Concert brings the Gospel to Gardner

Tonight, Friday, Nov. 22 at 9 p.m., Grinnell’s own Scott Phillips ’11, Carlos Sims ’12, Cody Weber ’13 and Tye Smith ’14 will take the stage in Gardner Lounge for a rap show inspired by the Gospel. Phillips and Sims, the organizers of the event, have fittingly titled it “Gospel Rap concert.”

Photograph by Sophie Fajardo

The event is intended to publicize Gospel Rap as a genre of music. “We’re going to show people a form of media that’s available to Christians—gospel rap,” Phillips said. “We feel that this gospel rap concert will help make people more aware of another alternative media, besides traditional church music and what not.”

Phillips and Sims also emphasized that they want to provide information about the Christian faith to those who may not necessarily be familiar with it. “We’re giving a gospel. That’s the main reason we’re having this, so people can understand what the Gospel is. The foundation of the Christian faith is based on the Gospel, and so we plan on sharing that,” Phillips said.

In order to familiarize their audience, they will begin the event with a projection of “Good News, parts 1, 2 and 3,” in which Christian rapper Trip Lee provides what Phillips and Sims consider a comprehensive summary of the tenets of the Christian faith. “In order for people to understand the music that we’re doing, you have to understand the faith—you have to understand what the background is all about,” Sims said. “And then we’re just going to get into the music from there.”

They identify their Christian faith and a desire to share their spirituality with a broad audience as their main motivations for organizing the event. “I wrote some good songs down I want to share with people. Each song that each of us wrote bears a significance to our lives. We’re going to explain that at the concert,” Phillips said.
The concert will feature performances by Phillips, Sims, Weber and Smith, each of whom has varying musical styles and levels of experience under their belts.

“My style—I’m old school. My rap is kinda old school, De La Soul-ish type of music. I wrote everything myself, I didn’t make the beats, but you know—it’s more old school,” Phillips said. “This is my first time, so you can imagine I’m pretty nervous. I mean, I’m excited as well.”

“I’m more southern, I like very high energy beats.
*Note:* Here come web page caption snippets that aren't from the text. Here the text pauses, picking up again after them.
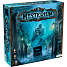 Mysterium Nordic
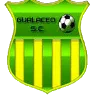 Logo of Gualaceo SC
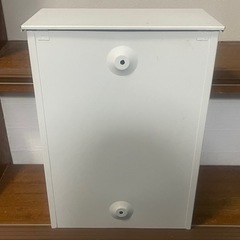 ポスト📮の画像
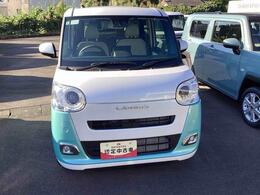 正面からの写真です♪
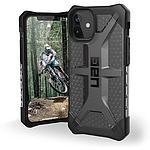 UAG iPhone 12 mini Plasma Case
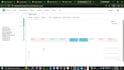 build python etl and data engineering pipelines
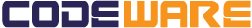 Codeware Limited Logo
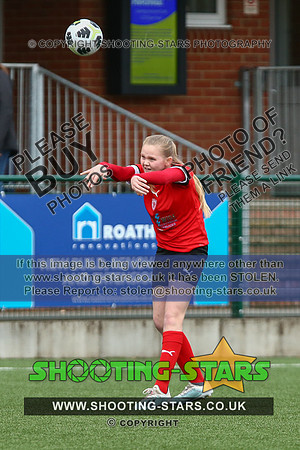 230325 Ascot v BTFC U12 Girls BnB Cup Final-0077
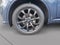 2020 Dodge Durango GT AWD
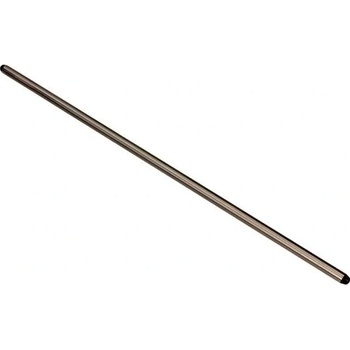 Tyč/Čap pracovného valca MAXGEAR 61-0101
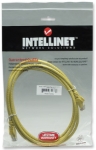 Imagen de Cable de red, Cat6, UTP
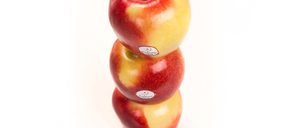 Ambrosia crece en volúmenes y desarrolla el segmento bio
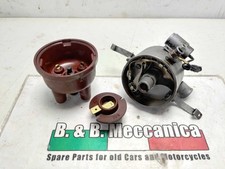 Spinterogeno origniale fiat usato  Gambettola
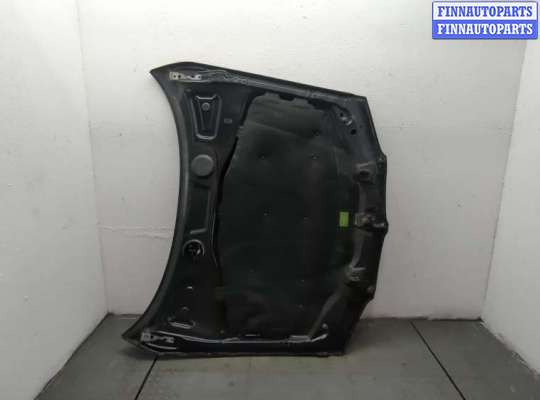 купить Форсунка омывателя стекла на BMW X3 E83 2003-2010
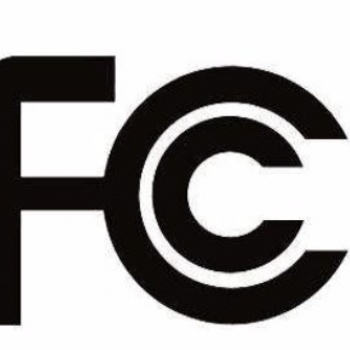 水晶吊燈FCC認(rèn)證公司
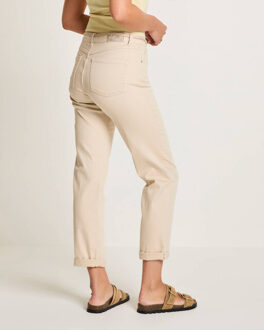 PARA MI Jeans ss261.005091 - maat M / L30 Grijs
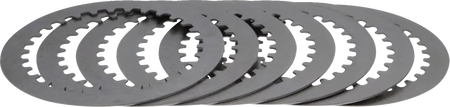 11313148_3.png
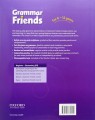 Фото Grammar Friends 5 Student's Book with CD-ROM Pack 2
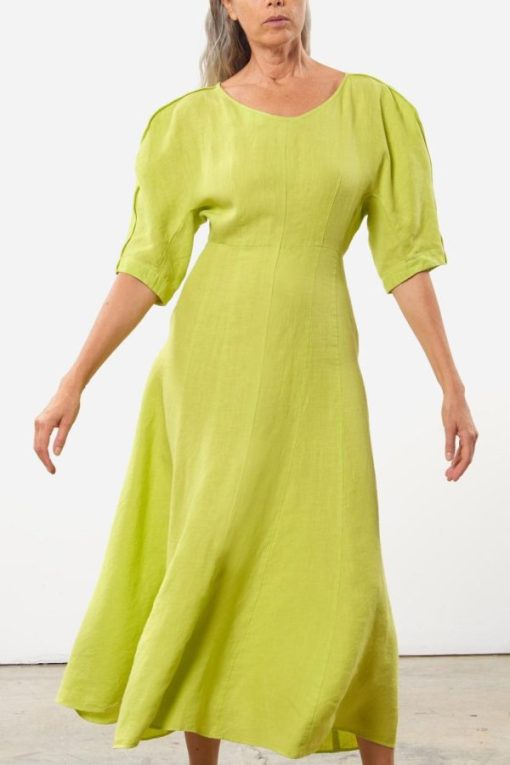 Dressvogue.shopb07e741c50 2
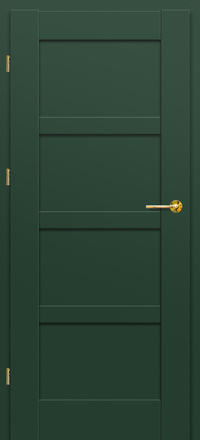 JUKA 8 Dekorfóliás beltéri ajtó.Budapesten széles skálájú színekben kínálunk dekorfóliás beltéri ajtókat. Kínálatunkban megtalálhatóak a klasszikus és modern színek egyaránt, lehetővé téve az otthonához leginkább passzoló árnyalat kiválasztását. Többféle fa- és színezett fóliaopció áll rendelkezésre, így az Ön preferenciáihoz és enteriőrjéhez tökéletesen illeszkedő ajtót választhat. Látogasson el üzletünkbe Budapesten, hogy személyesen megtekinthesse és válassza ki az ideális színű dekorfóliás beltéri ajtót!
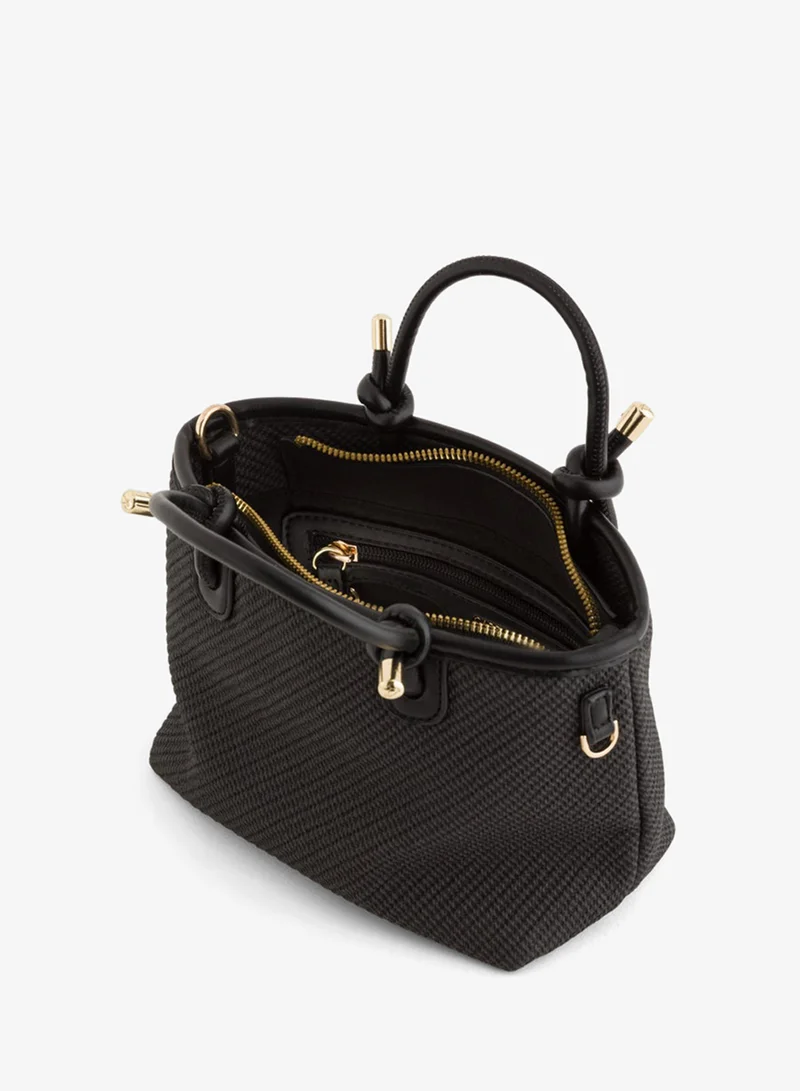 Carpisa Women's Handbag - Jasmine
I’m very high energy,” Sims said. “I got pretty serious about it my first year, but I mean … that’s just because the transition from high school to college helped develop my faith so it really started building then.”

Weber, whose musical style Sims describes as “soulful,” has gained fame playing acoustic guitar and singing at the occasional Open Mic and at last winter’s Cody Weber-palooza.

The event organizers stress that, though the concert is inspired by their personal relationships with the Christian faith, it is inclusive for everyone. “We feel that God’s love is for everyone, no matter who you are, how you identify, no matter what anybody said—it’s for everyone. So we just want to clear that up and have a good time, most of all,” Sims said.

Phillips reiterated the openness of the event. “It’s a way to share with people what the Christian faith is all about, it’s not meant to be exclusive, I just want to stress that—everyone is welcome.”

“I hope as many people can come out to it as possible, I know it’s on the same weekend as Fetish, but I just—maybe you can stop by and see what it’s all about,” Sims said.